Work to complete: An unchanged copy of all the lines below is expected, and it should contain no pictures.

═════ Extracted material

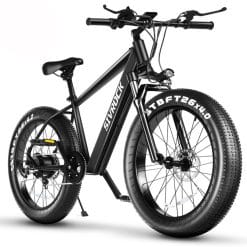 1000W fat tire electric bike side view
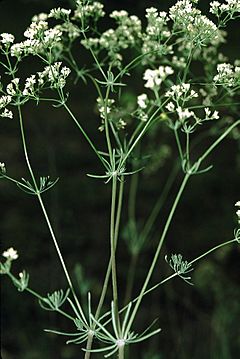 Galium glaucum eF.jpg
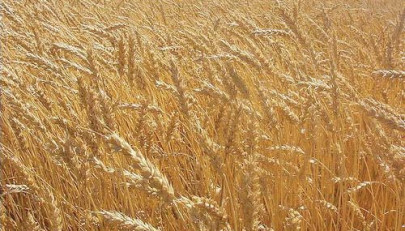 traders buy two million tons of wheat for export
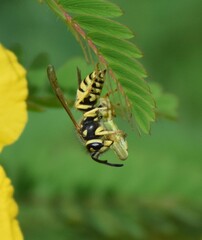 Vespula maculifrons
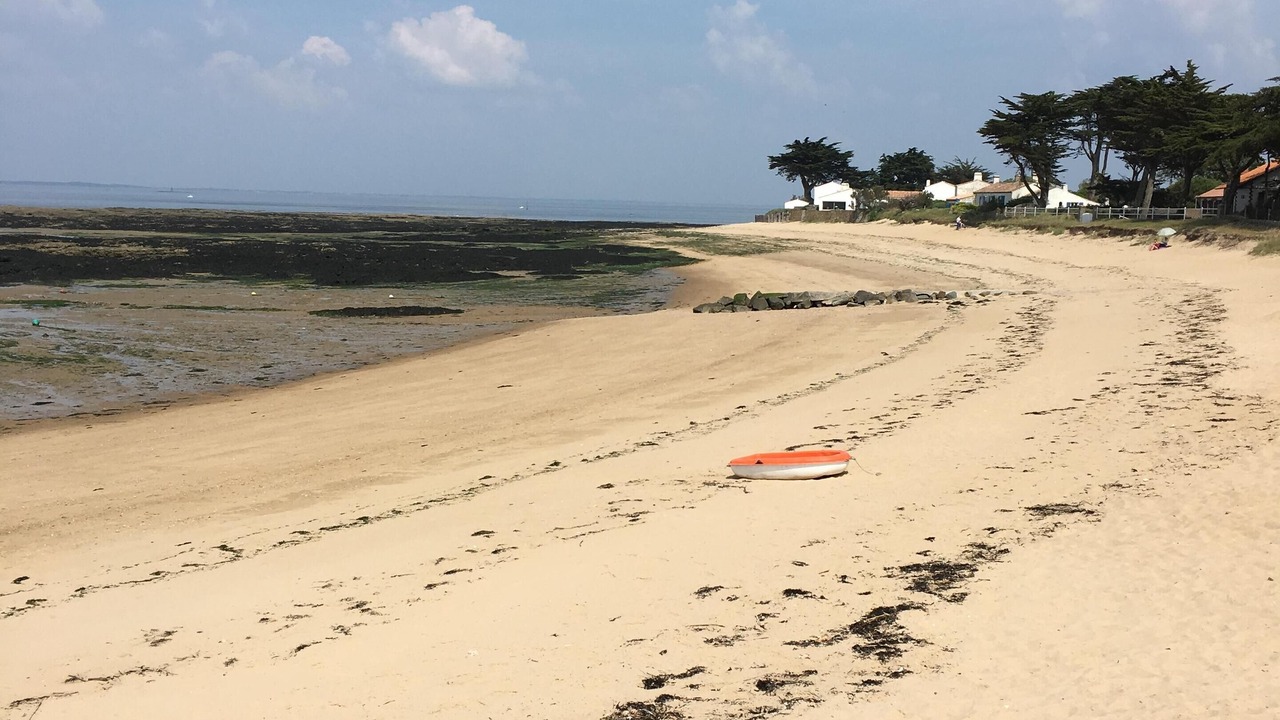 Photo of Others in Noirmoutier-en-l'Ile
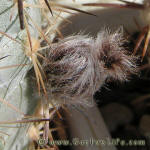 Acanthocalycium griseum P144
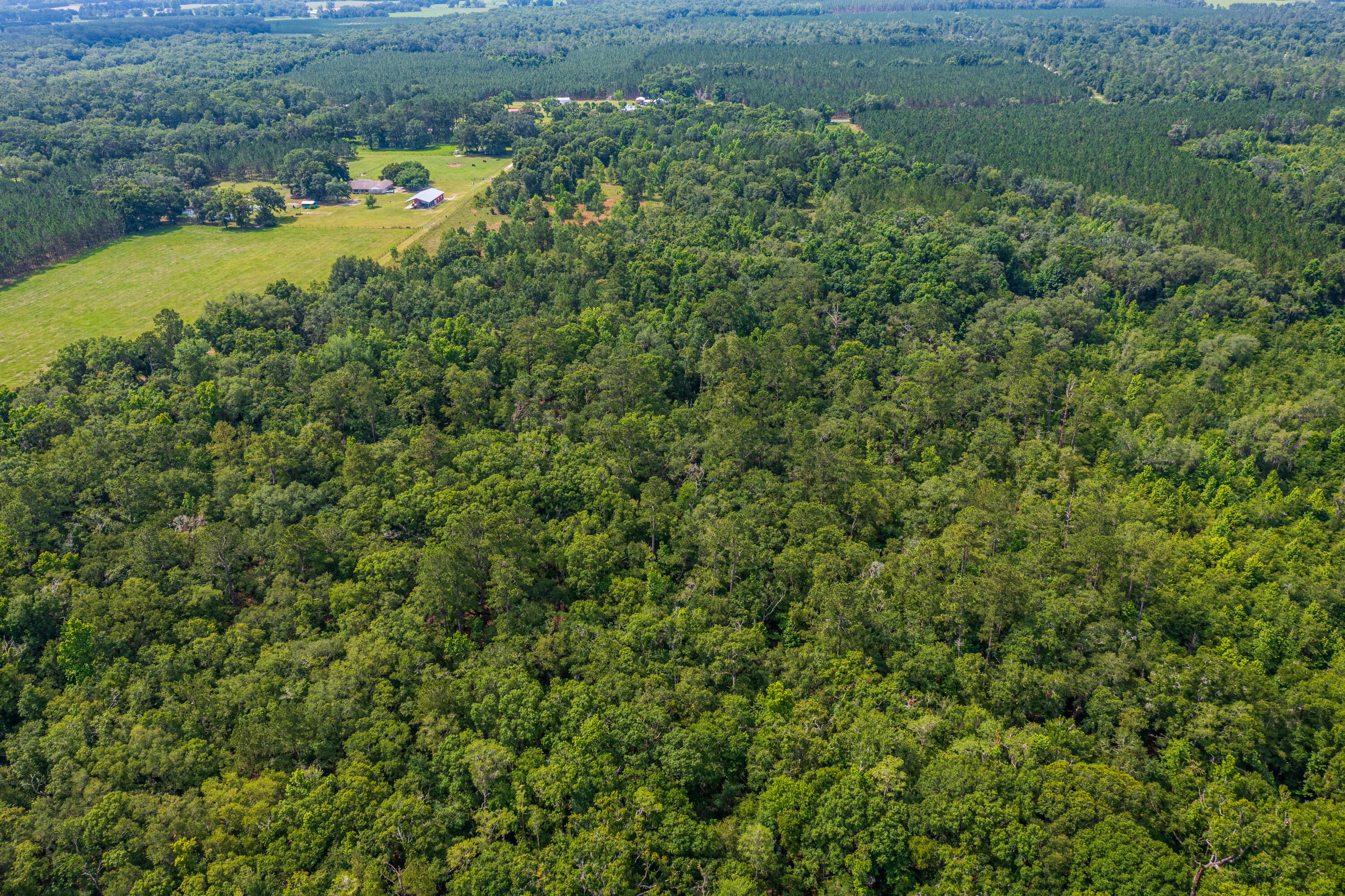 252 County Road 252 Wellborn, FL 32094 - Photo 52 of 75 Land in McAlpin FL (51 of 78)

══════════

The completed task:
 1000W fat tire electric bike side view
 Galium glaucum eF.jpg
 traders buy two million tons of wheat for export
 Vespula maculifrons
 Photo of Others in Noirmoutier-en-l'Ile
 Acanthocalycium griseum P144
 252 County Road 252 Wellborn, FL 32094 - Photo 52 of 75 Land in McAlpin FL (51 of 78)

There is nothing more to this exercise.